De/Frammentazione, ovvero una storia di impossibilità, non è un semplice dramma borghese contemporaneo. Lo spettacolo convoglia, in un centro di gravità tutt’altro che permanente, lo spaccato frammentario di tre vite e delle loro interazioni mai davvero autentiche, intrecciandole con un’asincronia che, di volta in volta, sottolinea l’assurdità della situazione e dei personaggi coinvolti.

A tenere unite le fila sulla scena, e a dettare i tempi dell’azione e della narrazione, è un deus ex machina: il didascalia, un ruolo che gli attori ricoprono a turno. Tutto il resto è affidato all’espressività e al talento di Francesca Borriero, Michele Magni e Roberto Marinelli.
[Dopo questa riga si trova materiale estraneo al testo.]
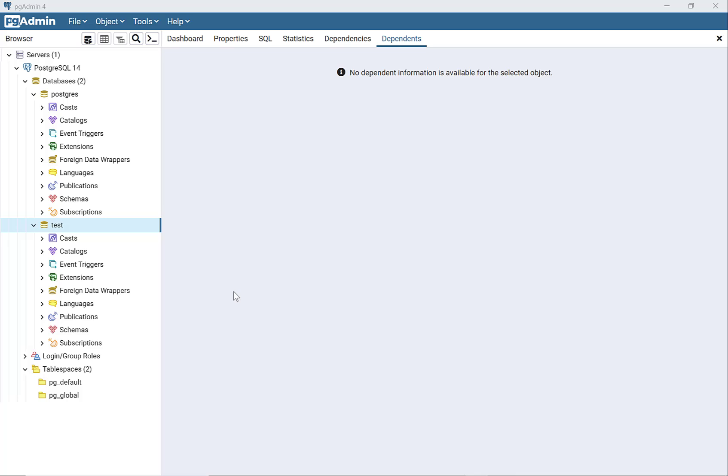In this video, I'm going to show you how to import a CSV file into PostgreSQL using pgAdmin4. You can see I have the databases, and I created this test database where I'm going to import the CSV file.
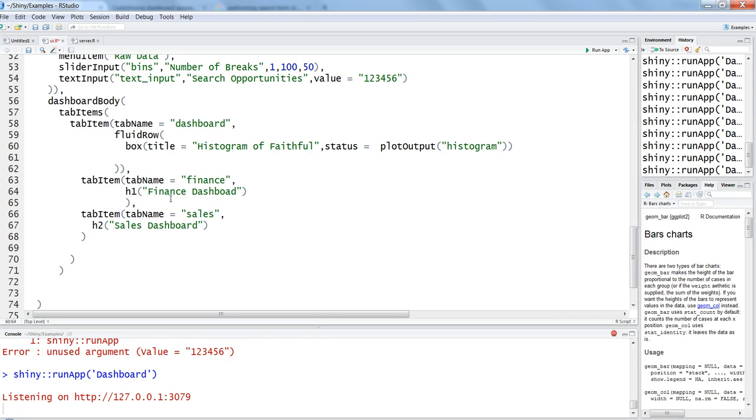What it does is nothing but gives a color to the border level or at the header level based on how we are specifying. For example, warning has a little bit of yellowish or orangish color, primary is basically bluish which is cool in nature.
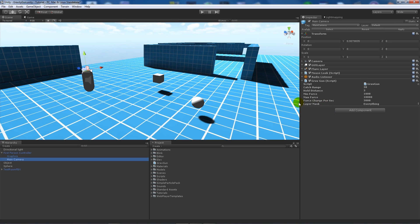The script has a few things you can change: catch range, which is how far away an object can be for you to attract or pick it up; hold distance, which is how close it actually is to your player; minimum force and max force for when you push it away so you can't throw it too far; and charge time — if you hold left click down it charges the power of which you can throw it.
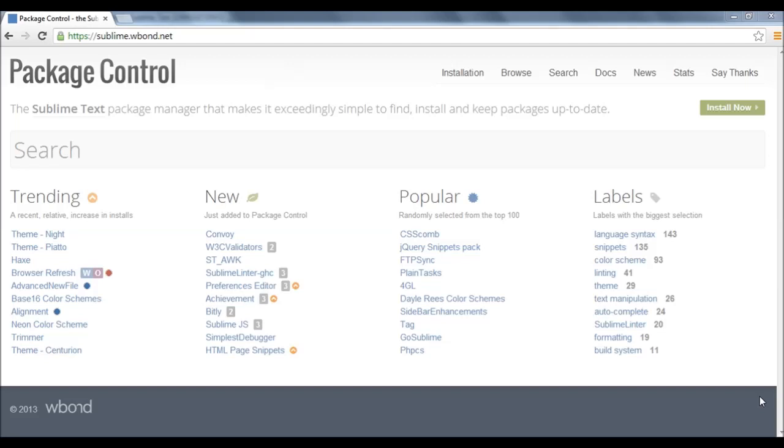It is fairly easy to download Emmet for Sublime Text 3 and 2 and I'm gonna show you how to do that. First of all go to the website sublime.wbond.net and I'll be providing this link in the description also.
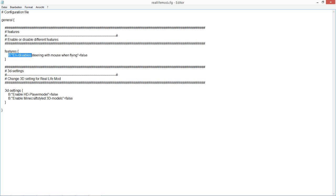There's the enable or disable steering with mouse when flying. You're gonna set this to true if you want to have mouse steering.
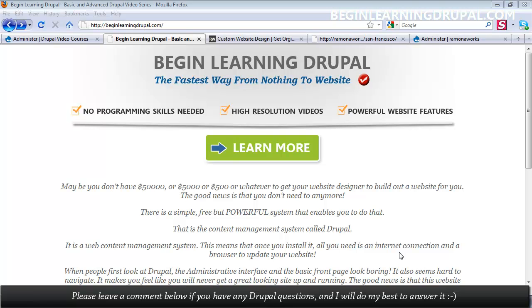Hello, and welcome to Begin Learning Drupal. This is the fastest and easiest way to learn Drupal, even if you're not a designer or developer.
Nonostante siano volutamente ingabbiati in una drammaturgia che descrive già i silenzi, le emozioni e i pensieri dei personaggi, gli attori riescono nell’ardua missione di caratterizzarli. È la loro interpretazione a colmare, di fatto, il vuoto scavato delle frammentazioni.
Il contesto temporale delle scene, definito solo da vaghe indicazioni su schermo, contribuisce al senso di smarrimento. La scenografia, prevedibilmente minimale, è glabra: un tavolo e delle sedie accompagnano una rappresentazione che si conclude in maniera coerente con gli intenti iniziali, ovvero con una collettiva insoddisfazione. Non consapevoli di sé né dell’altro, Uno, Moglie e Zero, figure quasi sveviane, si troveranno sconfitti dalla loro inettitudine. Come è giusto che sia. Questa non è una favola a lieto fine, ma l’esempio di una sistematica catena di errori che condurrà i protagonisti al dramma dell’impossibilità. Tra noi e i bit, in questo senso, non c’è una reale differenza: siamo codipendenti agli altri. E lo spazio di incomunicabilità che si annida nei rapporti che tendiamo a costruire non genera che solitudine, dolore e repressione.
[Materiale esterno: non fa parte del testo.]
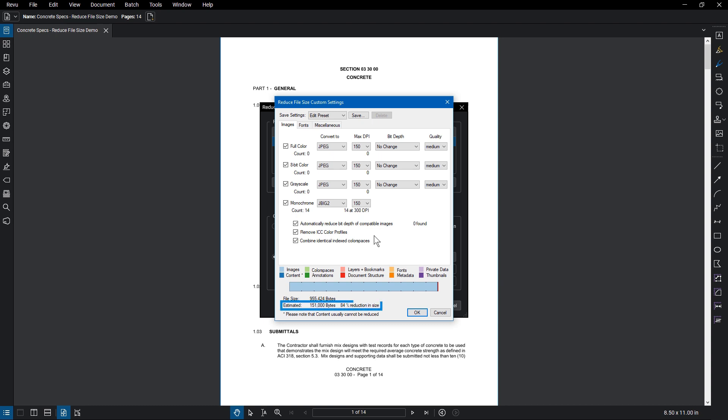Notice that the estimated reduction size has updated. Depending on the document, you'll have to find the most effective settings to change for the desired reduction size.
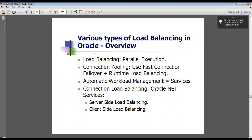Fast connection failure is a new feature introduced in 10G Release 1 in order to provide transparent application failure for application connections that use JDBC, ODP .NET, and OCI. If you are using a JDBC thin client, when a node or instance goes down, the application used to get a node down error. To prevent this, you can trap this error and within no time reestablish a new connection.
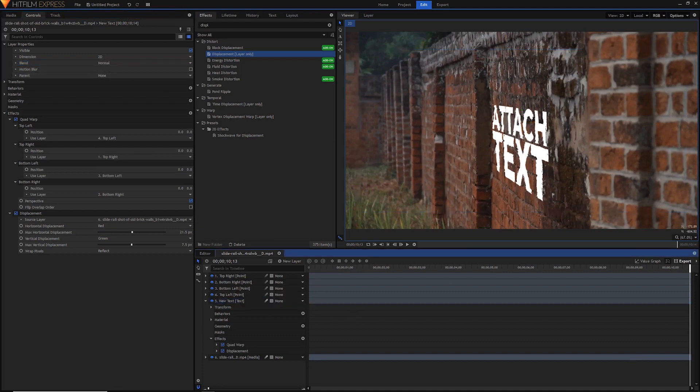That's basically how you attach text to walls in HitFilm. If you enjoyed this, please give it a thumbs up — it's one of my favorite effects and you've been asking for it for a long time. Subscribe for more HitFilm Express tutorials and other video editing and software tutorials. You can also follow me on Twitter. I'll see you in the next video — stay shiny!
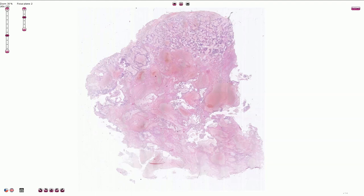Gestational choriocarcinoma is highly treatable. It has a good response to chemotherapy, unlike non-gestational germ cell choriocarcinoma which has a much worse prognosis. The gestational type occurs in the placenta and belongs to the spectrum of gestational trophoblastic disease.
Uno spettacolo fuori dagli schemi

Vincitore del Premio Fersen per la Drammaturgia 2019, De/Frammentazione ovvero una storia di impossibilità è uno spettacolo tutt’altro che canonico. Fabio Pisano, con l’arguta sensibilità che contraddistingue la sua penna, si muove nel solco delle riflessioni teoriche di Péter Szondi sul dramma moderno e di Hans-Thies Lehmann sul teatro post-drammatico, spingendosi oltre i confini della rappresentazione tradizionale. Richiamando anche le idee di Dario Tomasello sulla drammaturgia italiana contemporanea, l’autore ha costruito un’opera che decompone e ricompone due degli aspetti cruciali dell’esperienza umana: l’amicizia e il matrimonio. E lo fa in maniera volutamente imperfetta, talvolta grottesca, senza mai edulcorarli, come a voler preparare gli spettatori a nuovi interrogativi. A chiedersi quale posto ricoprano invece loro in questa realtà di frustranti non detti che di epico non ha proprio nulla.

Quando dici, poi non puoi più tornare indietro. Non siamo pagine. Siamo uomini.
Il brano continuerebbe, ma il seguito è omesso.